■ Provided data:
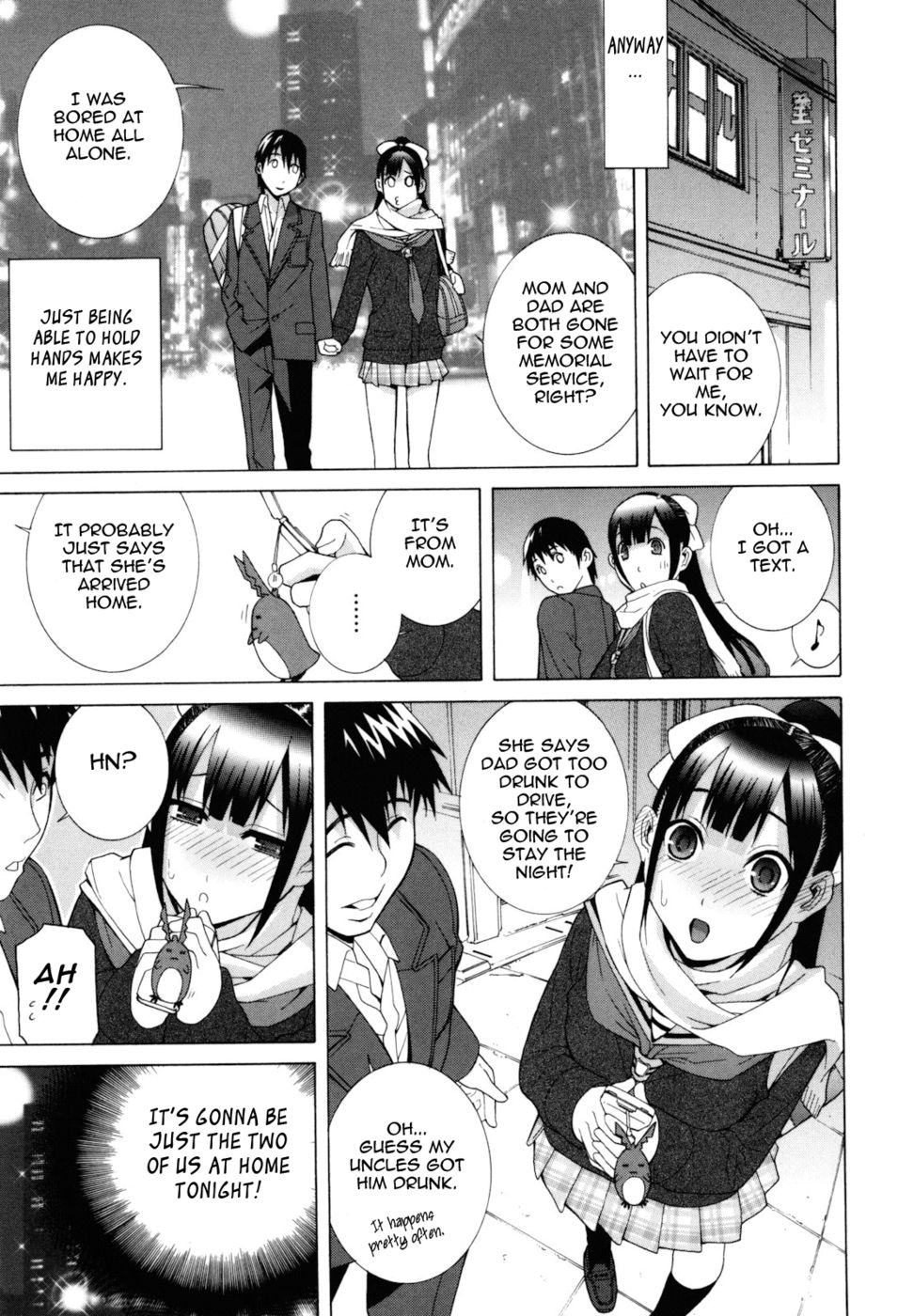 Hentai Manga Comic-Stepsister Absolute 2-Read-148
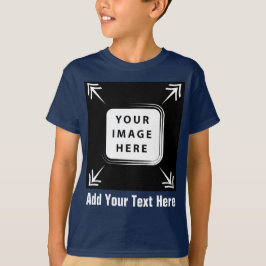 Erstellen Sie Ihren eigenen Boys-T - Shirt Foto hi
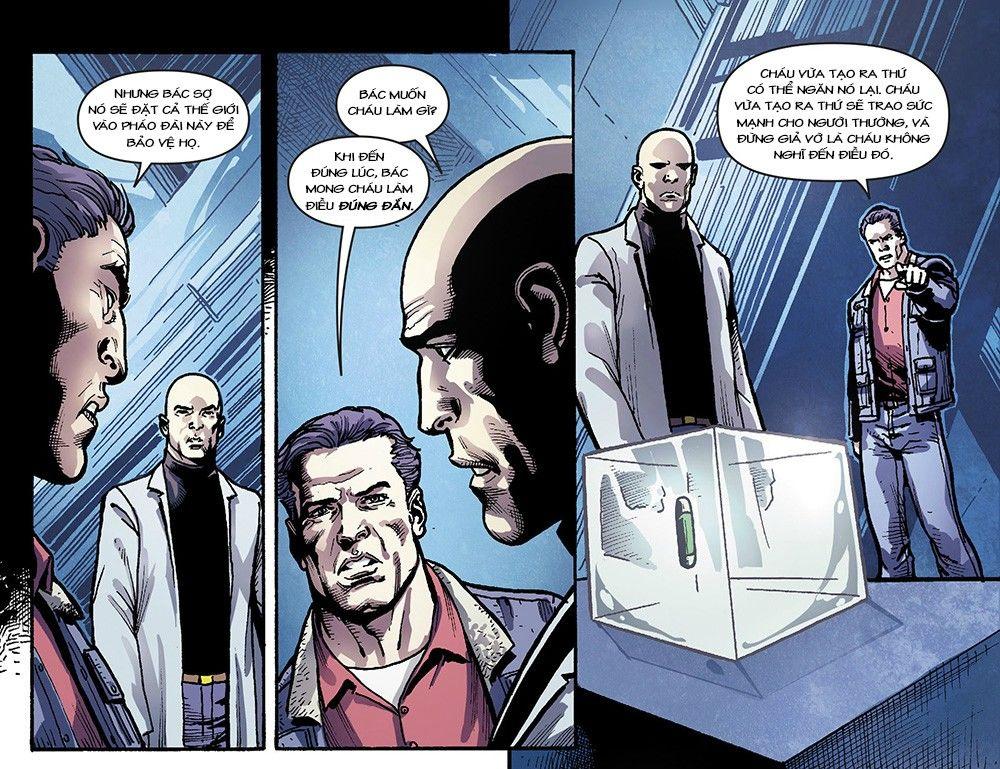 Injustice – Gods Among Us Chapter 26 - Trang 2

■ Assigned task:
Return the complete data unchanged and include none of the pictures.

■ Expected output:
 Hentai Manga Comic-Stepsister Absolute 2-Read-148
 Erstellen Sie Ihren eigenen Boys-T - Shirt Foto hi
 Injustice – Gods Among Us Chapter 26 - Trang 2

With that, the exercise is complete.